Problem description:
Retype the lines below exactly, from the one that contains "Travel Duffel Bag" through the last, and leave every picture out.

Data shown:
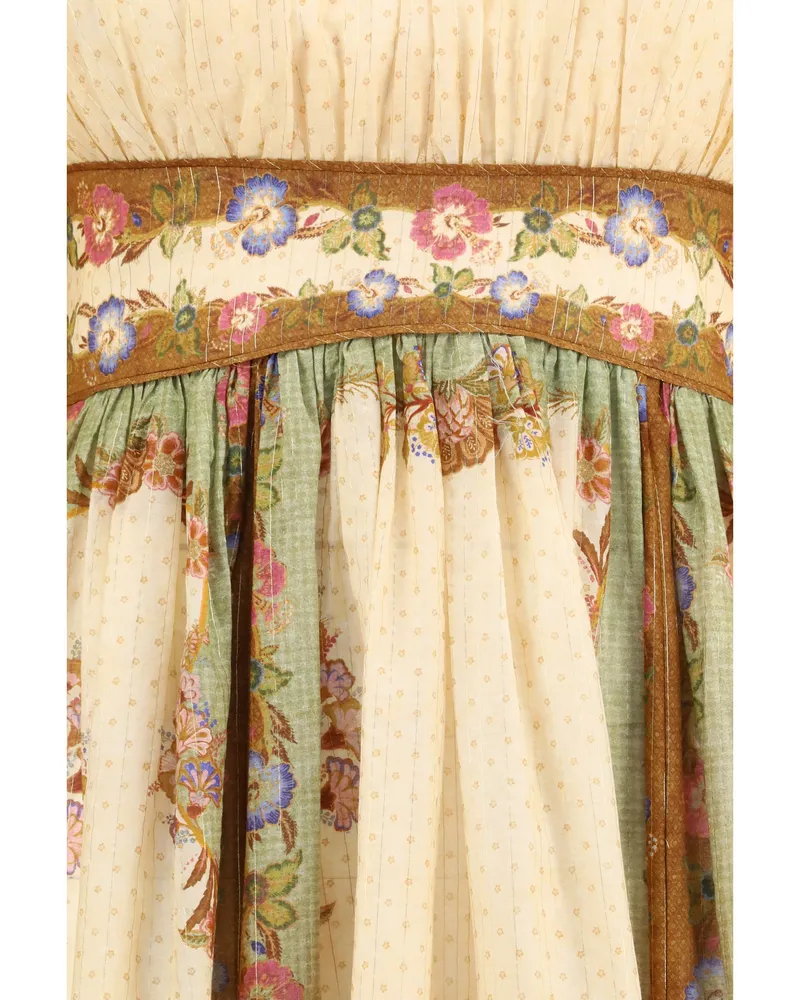 Zimmermann Women's Maxi Dress Indra Cream Khaki Cream-Khaki-Scarf Floral Cotton Cream/khaki/scarf Cream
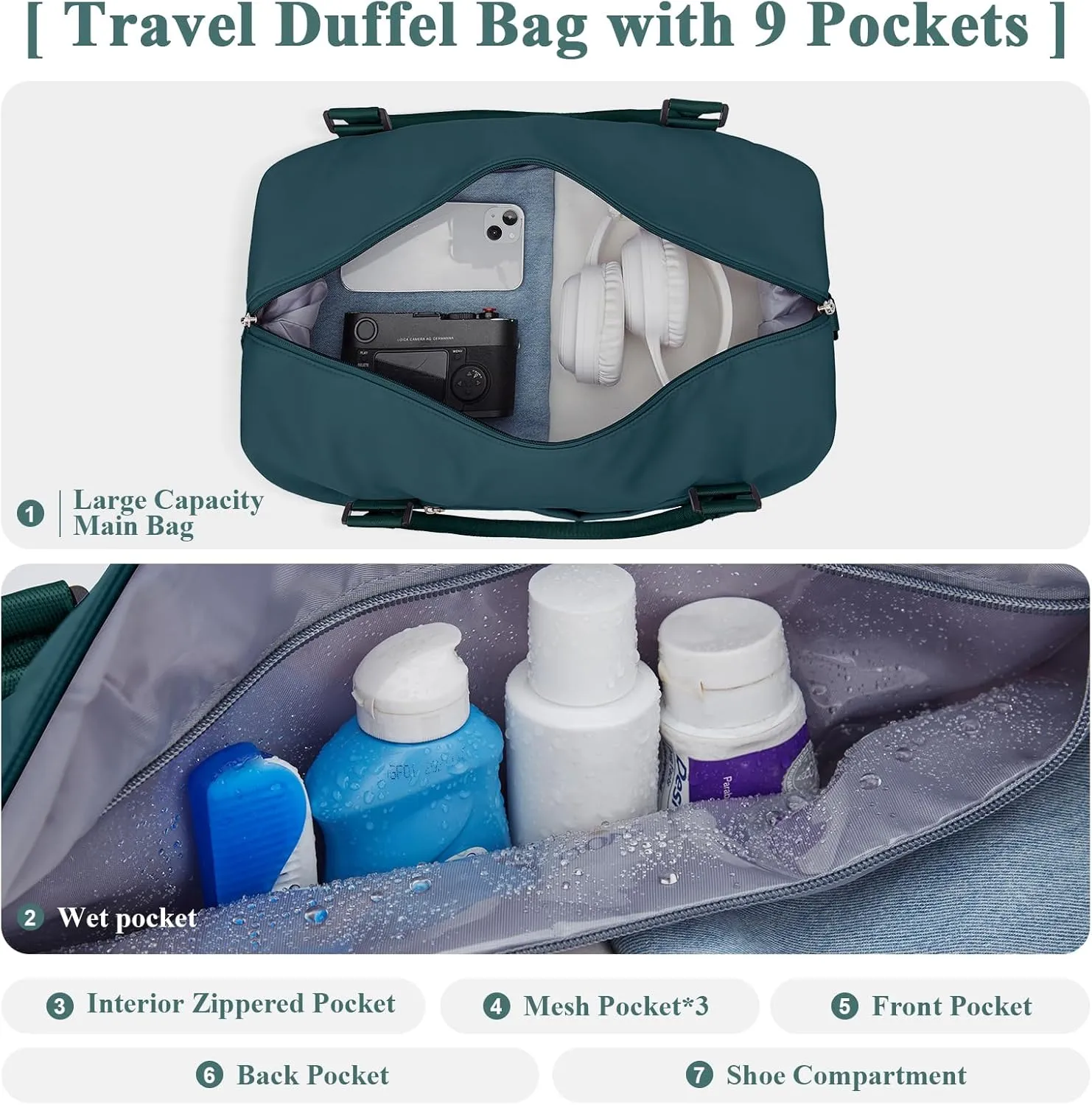 Travel Duffel Bag with Shoes Compartment, Overnight Weekender Bags for Women,Carry on Personal Item Bag,Medium Size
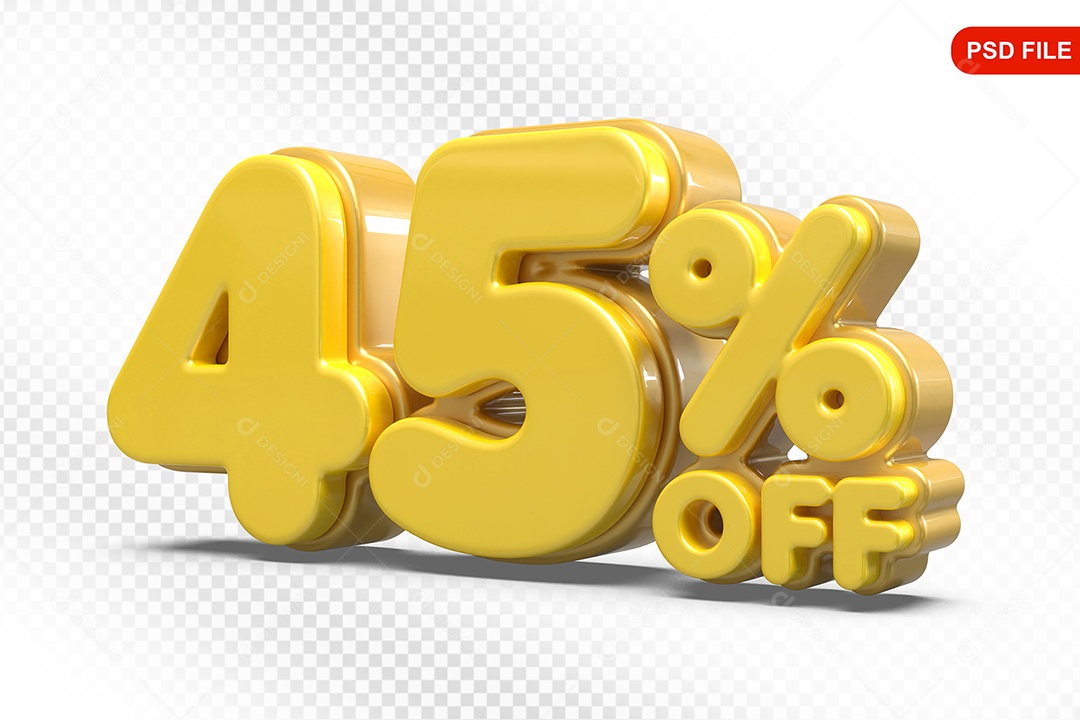 Elemento 3D Número 45% Off Amarelo Para Composição PSD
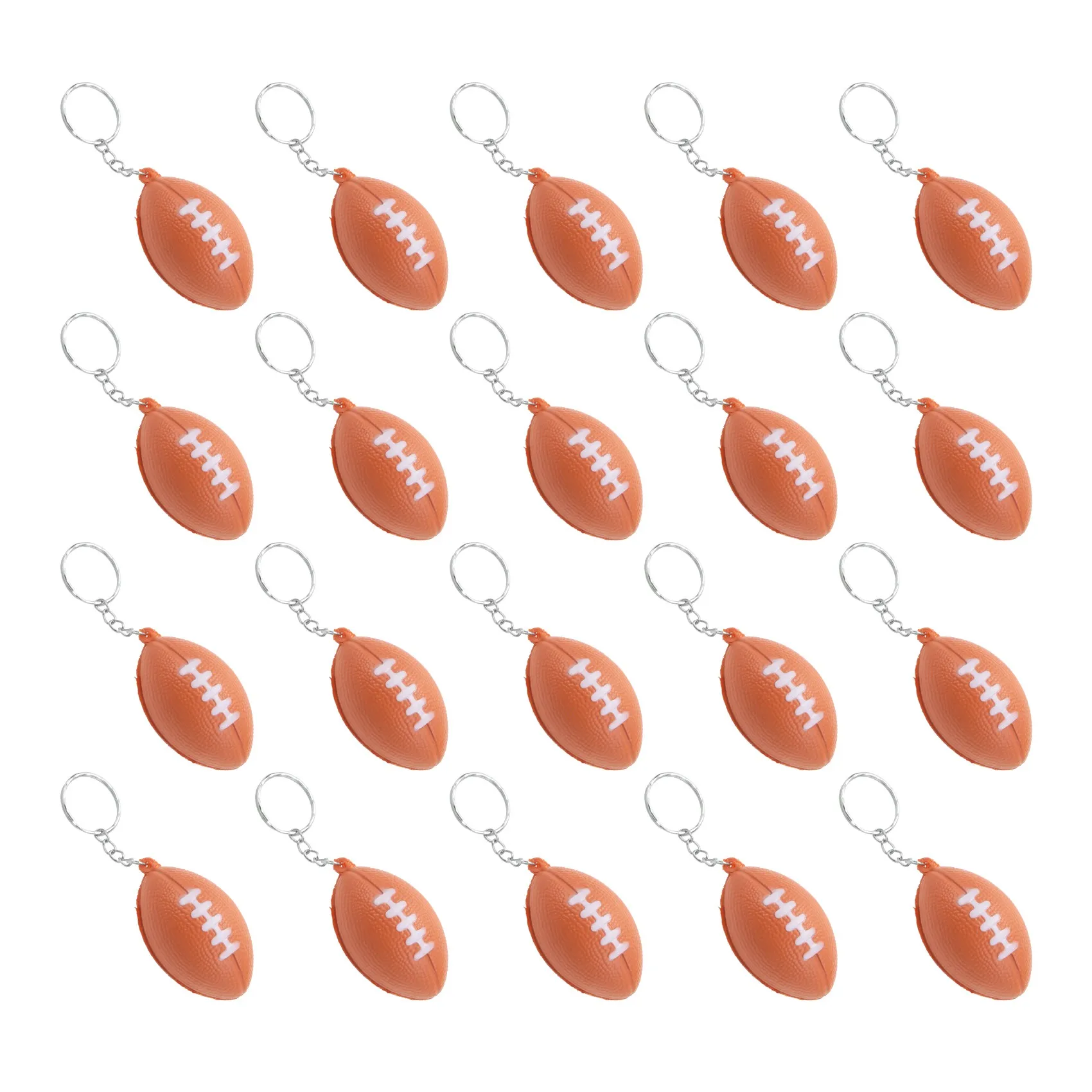 20 Pack Rugby Ball Keychains for Party Favors,Rugby Stress Ball,School Carnival Reward,Sports Centerpiece Decorations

Task response:
 Travel Duffel Bag with Shoes Compartment, Overnight Weekender Bags for Women,Carry on Personal Item Bag,Medium Size
 Elemento 3D Número 45% Off Amarelo Para Composição PSD
 20 Pack Rugby Ball Keychains for Party Favors,Rugby Stress Ball,School Carnival Reward,Sports Centerpiece Decorations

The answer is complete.